INSTRUCTIONS FOR THE TASK
Would you copy out the following entries exactly, without any of the pictures?

*** Begin section ***

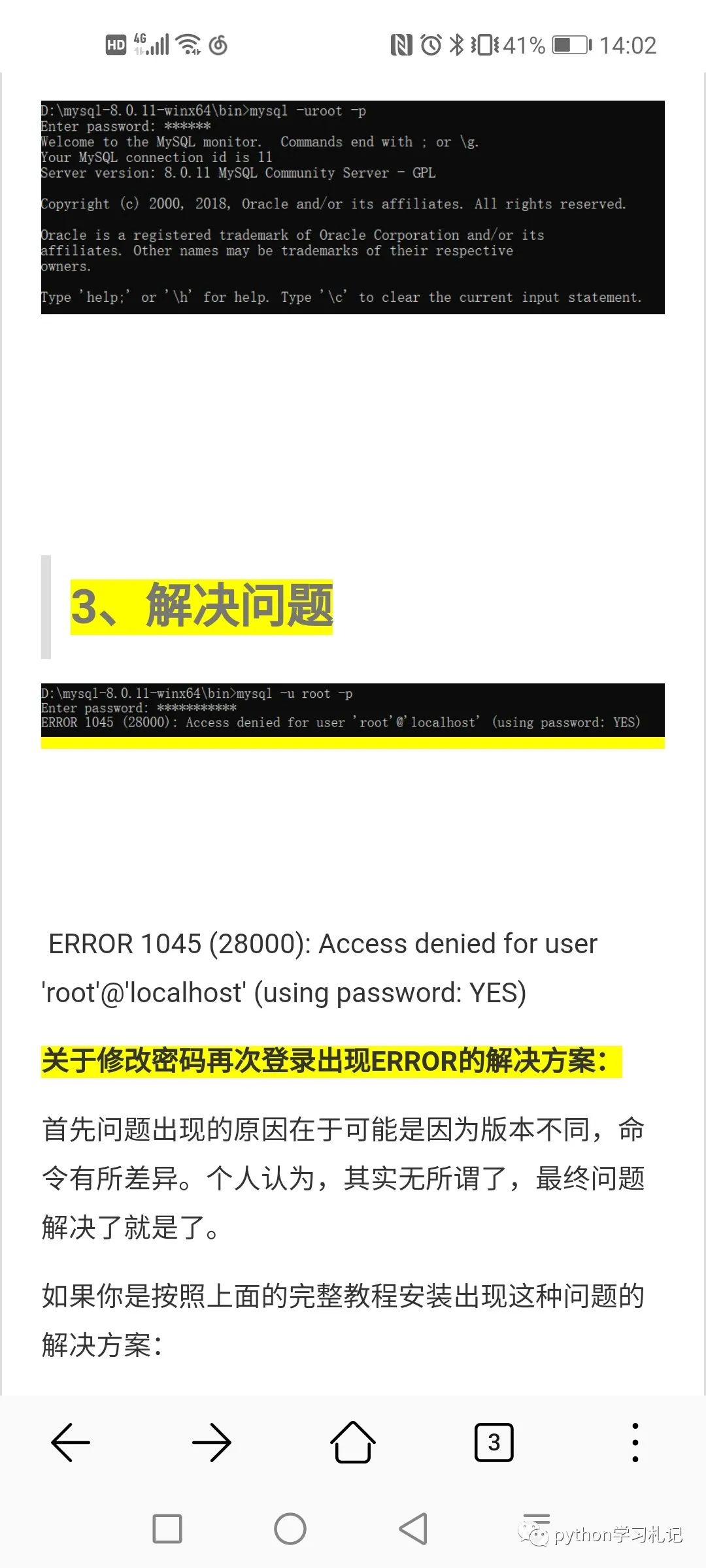 windows平台上下载MySQL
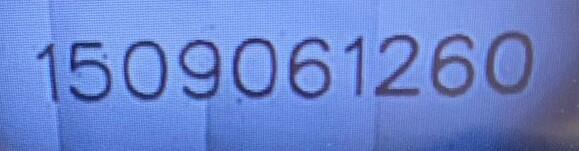 diamond-tracking-number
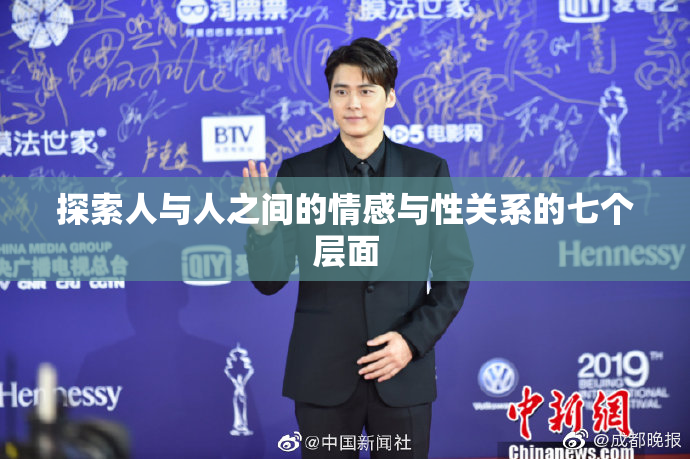 探索人与人之间的情感与性关系的七个层面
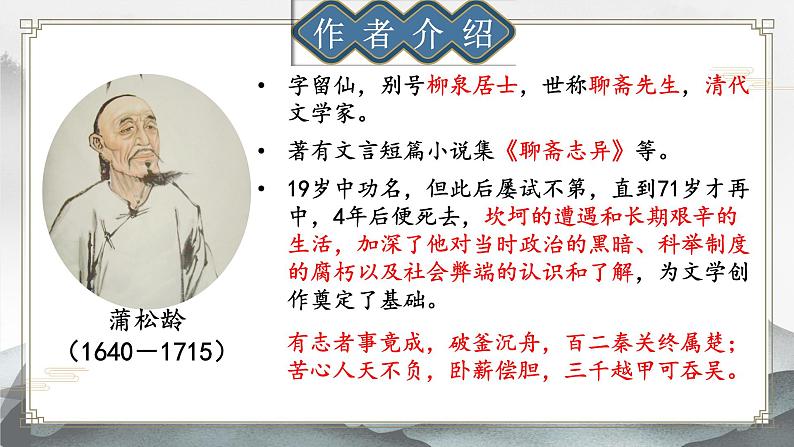 部编版语文《狼》PPT课件04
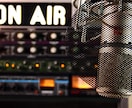 プロ★ ラジオ・音声広告制作、ナレ編集・整音します ナレーションのことならおまかせください！ イメージ1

*** End section ***

EXERCISE OUTPUT
 windows平台上下载MySQL
 diamond-tracking-number
 探索人与人之间的情感与性关系的七个层面
 部编版语文《狼》PPT课件04
 プロ★ ラジオ・音声広告制作、ナレ編集・整音します ナレーションのことならおまかせください！ イメージ1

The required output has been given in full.